:: Source material ::
....
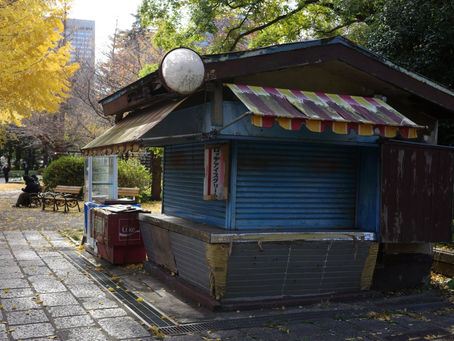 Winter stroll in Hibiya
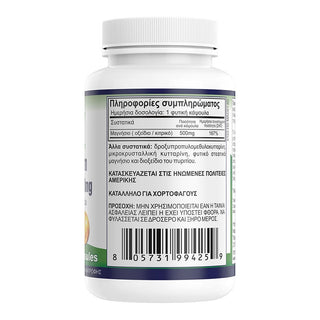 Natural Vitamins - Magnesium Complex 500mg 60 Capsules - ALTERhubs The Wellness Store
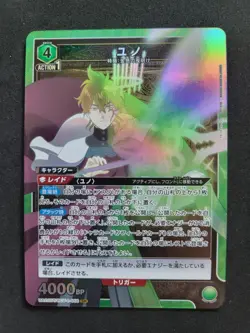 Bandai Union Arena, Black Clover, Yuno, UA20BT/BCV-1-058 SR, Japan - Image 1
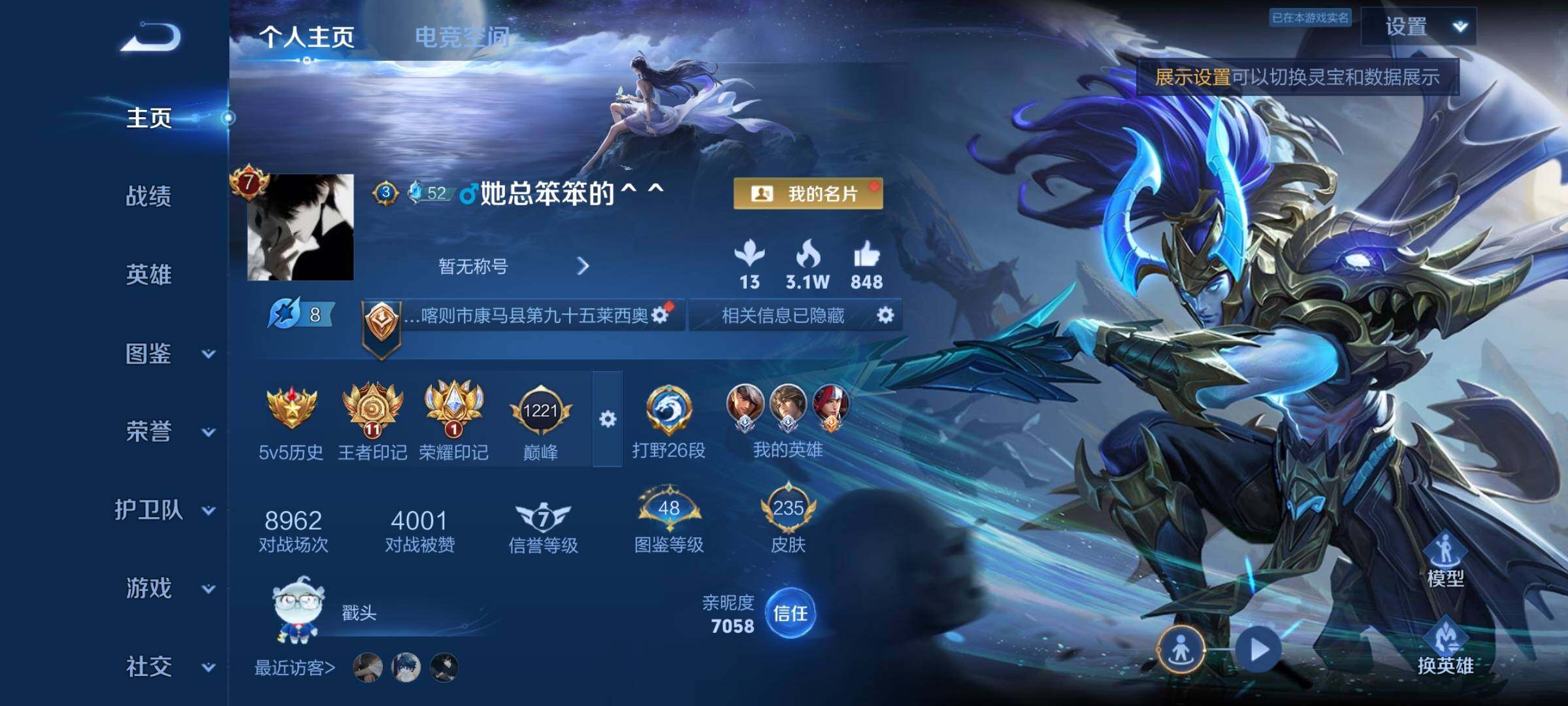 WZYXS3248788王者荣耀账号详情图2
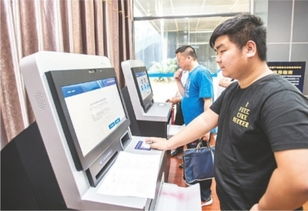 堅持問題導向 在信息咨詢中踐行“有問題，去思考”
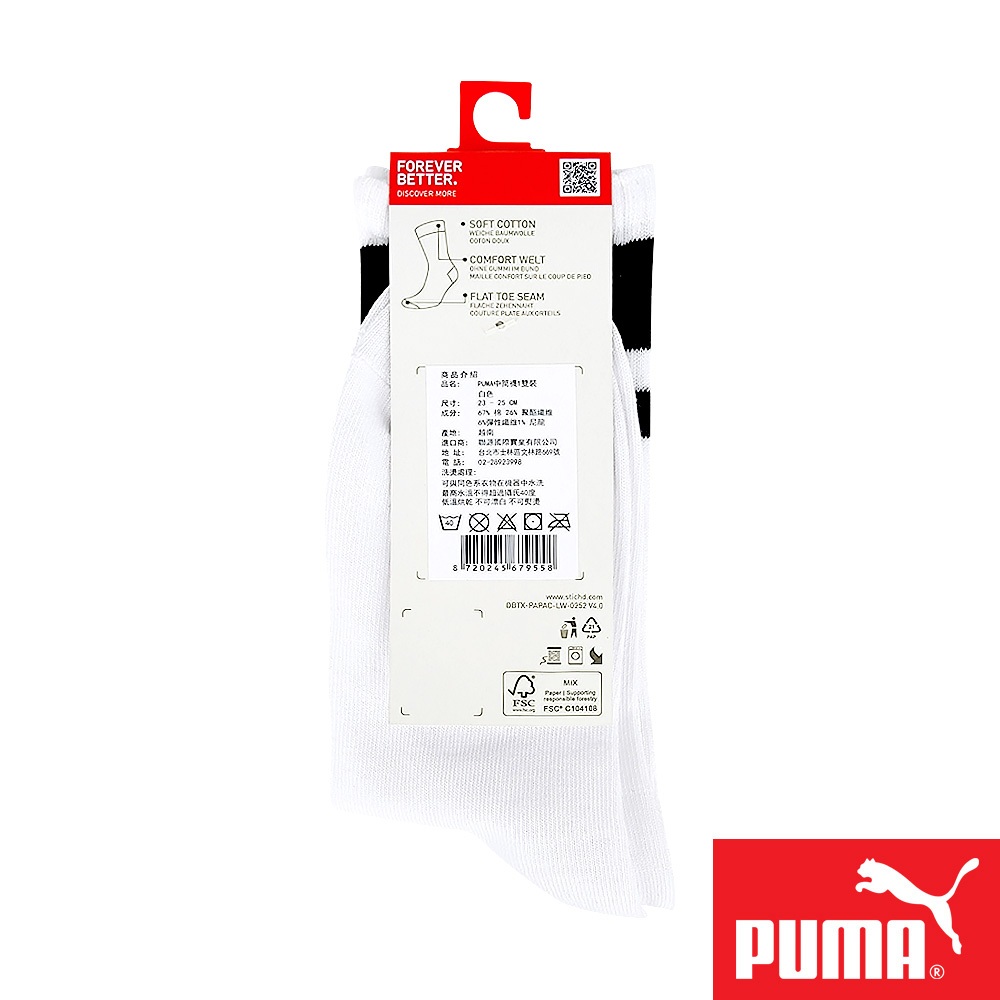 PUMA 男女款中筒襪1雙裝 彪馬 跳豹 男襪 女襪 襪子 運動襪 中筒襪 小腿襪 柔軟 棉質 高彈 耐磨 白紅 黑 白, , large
....
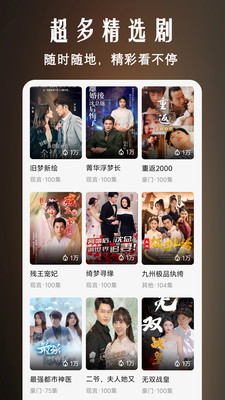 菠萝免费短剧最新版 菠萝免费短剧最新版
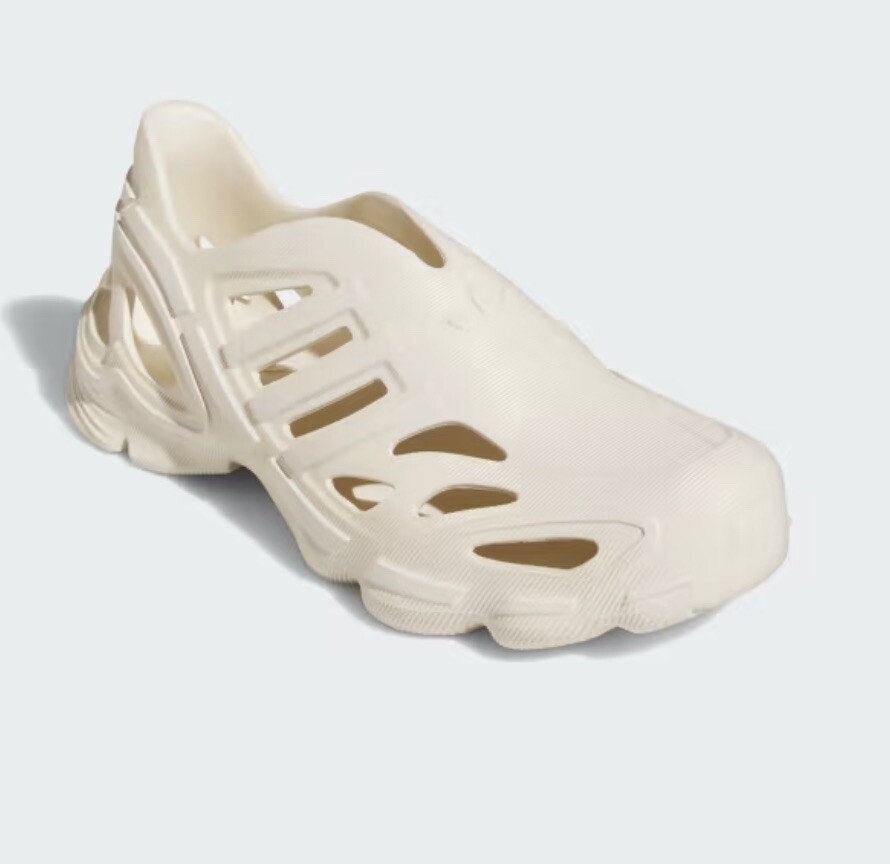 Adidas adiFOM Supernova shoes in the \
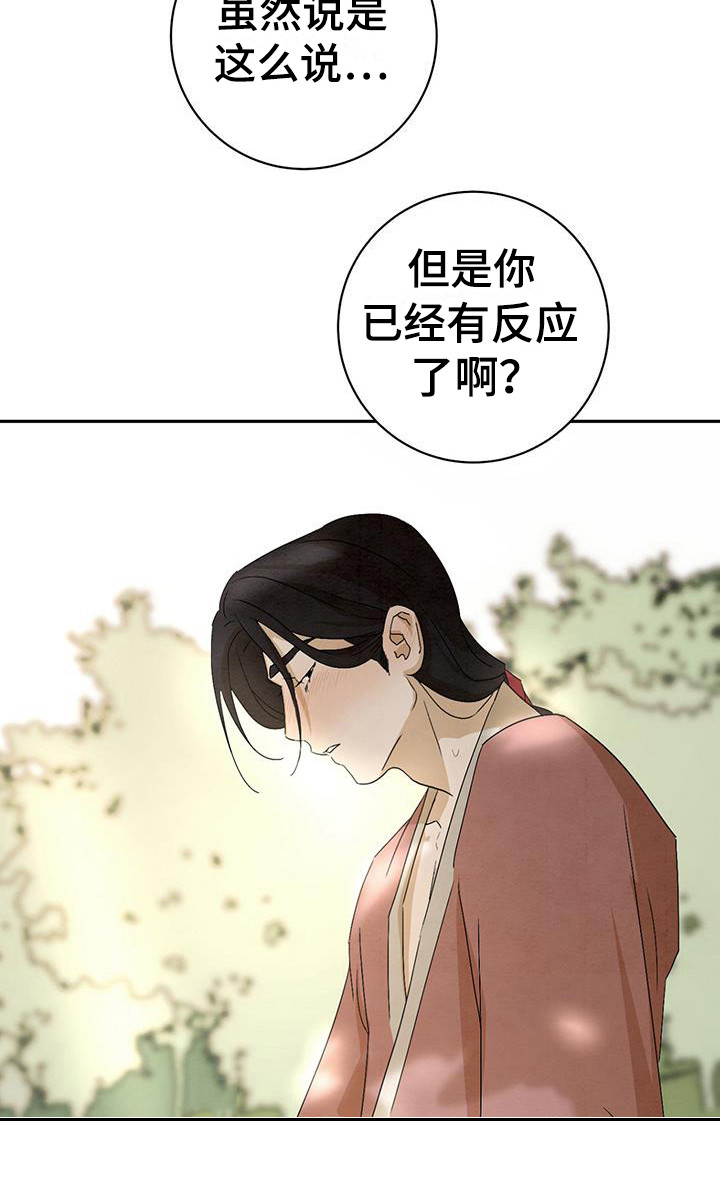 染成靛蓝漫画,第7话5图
....
:: Directions ::
In the records above, find the line with "WZYXS3248788王者荣耀账号详情图2" and the line with "PUMA 男女款中筒襪1雙裝 彪馬". Write out exactly those lines and every one between, with no pictures and no other lines.

:: Problem solution ::
 WZYXS3248788王者荣耀账号详情图2
 堅持問題導向 在信息咨詢中踐行“有問題，去思考”
 PUMA 男女款中筒襪1雙裝 彪馬 跳豹 男襪 女襪 襪子 運動襪 中筒襪 小腿襪 柔軟 棉質 高彈 耐磨 白紅 黑 白, , large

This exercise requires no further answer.